I think the cause of this issue is that the app in nexus-am runs entirely in M-mode, and NEMU requires the --cpt-mmode option to generate checkpoints in M-mode.
While this option does allow checkpoint generation, the generated checkpoints cannot be used for restore with emu, because resource/gcpt_restore in NEMU does not support restoring M-mode checkpoints.

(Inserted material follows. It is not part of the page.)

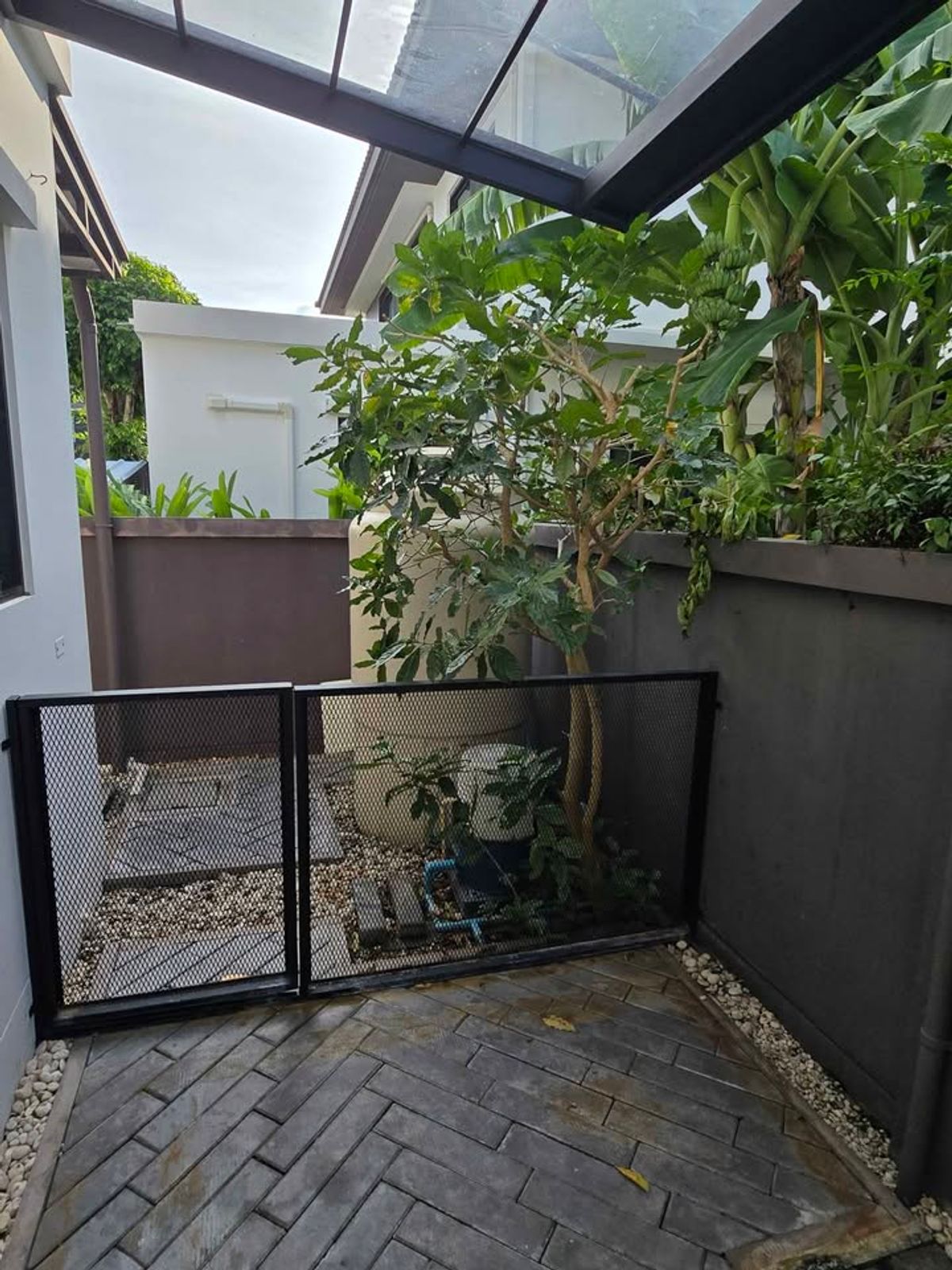 For RentHouseBangna, Bearing, Lasalle : K-6429 Urgent rent! Detached house, Manthana Bangna, Km. 7, ready to live with a Jacuzzi. Near Mega Bangna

Therefore, my suggestion is to wrap the workload you want to checkpoint inside OpenSBI and Linux, and run it as a user-space program.
Additionally, the stream used in the tutorial you mentioned is not directly built from the stream in nexus-am, but instead, as explained above, it is packaged as a user-space program under Linux.